Recently, I encountered a postfix mail server being unresponsive due to high load, i.e. a high CPU usage.
That means console and ssh logins didn't complete due to the load.
Monitoring showed 100 % CPU usage, while I/O still being moderate.
After a hard reset the last log lines from the system journal read:
Feb 06 09:37:16 example.org postfix/master[10461]: warning: unix_trigger_event: read timeout for service private/tlsmgr
Feb 06 10:04:58 example.org kernel: systemd-journal invoked oom-killer: gfp_mask=0x140cca(GFP_HIGHUSER_MOVABLE|__GFP_COMP), order=0, oom_score_adj=-250
[..]
Feb 06 10:04:59 example.org kernel: oom-kill:constraint=CONSTRAINT_NONE,nodemask=(null),cpuset=/,mems_allowed=0,global_oom,task_memcg=/system.slice/dnf-makecache.service,task=dnf,pid=1584309,uid=0
Feb 06 10:04:59 example.org kernel: Out of memory: Killed process 1584309 (dnf) total-vm:944600kB, anon-rss:817340kB, file-rss:0kB, shmem-rss:0kB, UID:0 pgtables:1772kB oom_score_adj:0
[..]
Feb 06 10:04:56 example.org dovecot[10353]: master: Warning: Time moved forwards by 5.880984 seconds - adjusting timeouts.
[..]
Feb 06 09:41:36 example.org systemd-networkd[10273]: enp0s3: Failed
[^--- sic, yes, shows up out-of-order in journalctl output]
Feb 06 10:04:56 example.org postfix/master[10461]: warning: unix_trigger_event: read timeout for service public/pickup
[..]
Feb 06 10:04:56 example.org dovecot[10353]: master: Error: service(imap-login): Initial status notification not received in 30 seconds, killing the process
Feb 06 10:04:56 example.org dovecot[10362]: imap-login: Fatal: master: service(imap-login): child 1584458 killed with signal 9
Feb 06 10:04:56 example.org postfix/tlsmgr[10953]: warning: end-of-input while reading request from tlsmgr socket: Broken pipe
[.. many repeats of above message ..]
Feb 06 10:05:03 example.org postfix/tlsmgr[10953]: warning: end-of-input while reading request from tlsmgr socket: Broken pipe
Feb 06 10:05:03 example.org postfix/tlsmgr[10953]: warning: end-of-input while reading request from tlsmgr socket: Application error
[.. many repeats of above message ..]
Feb 06 11:22:01 example.org postfix/tlsmgr[10953]: warning: end-of-input while reading request from tlsmgr socket: Application error
Feb 06 11:22:01 example.org postfix/tlsmgr[10953]: warning: end-of-input while reading request from tlsmgr socket: Application error
Feb 06 11:22:27 example.org systemd-journald[10176]: [] Suppressed 116313 messages from postfix.service
[^--- last message]
(Fedora 37, postfix-3.6.4-1.fc36.x86_64)
It looks like a similar issue reported a year ago to the postfix mailinglist that unfortunately didn't receive any replies.
It also looks like the initial issue is the system being short on memory such that the OOM killer is invoked.
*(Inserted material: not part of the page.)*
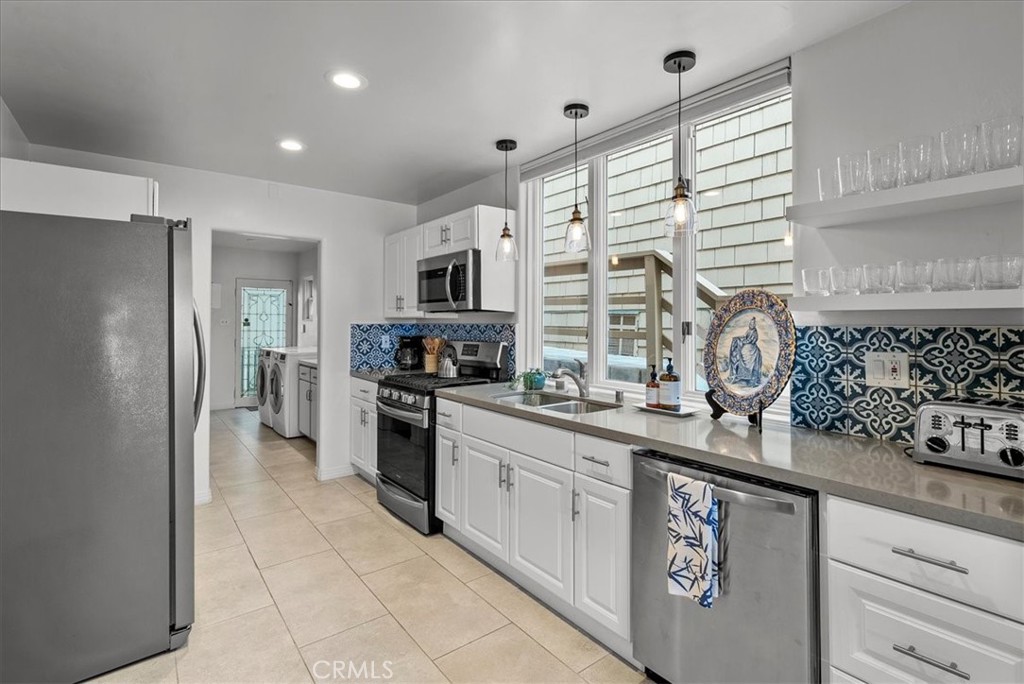 MLS #SB25223099 image #6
The OOM killer doesn't really help with the system being unresponsive, such that different processes run into edge cases (e.g. systemd-networkd seems to take down the interface due to an timeout, however, the system was still reachable via ping).
Apparently, because of all the OOM mess, the tlsmgr process goes into an infinite tight loop that also floods the system journal which also doesn't help with recovering system responsiveness ..
So is there a way to let postfix behave more gracefully/robustly in such a situation?
And how can I protect the server against such a denial of service?
See also:
- Fedora's dnf having a memory usage issues such that since Fedora 36 it is basically unusable on Cloud instances with < 2 GiB RAM and small single board computers: Bug 1907030 - "dnf update" runs out of memory on swapless machines with 1G or less of RAM (reported 2020, still active, open and unresolved in January, 2023)
- related Fedora devel mailing list thread: dnf makecache memory usage increase (July, 2022)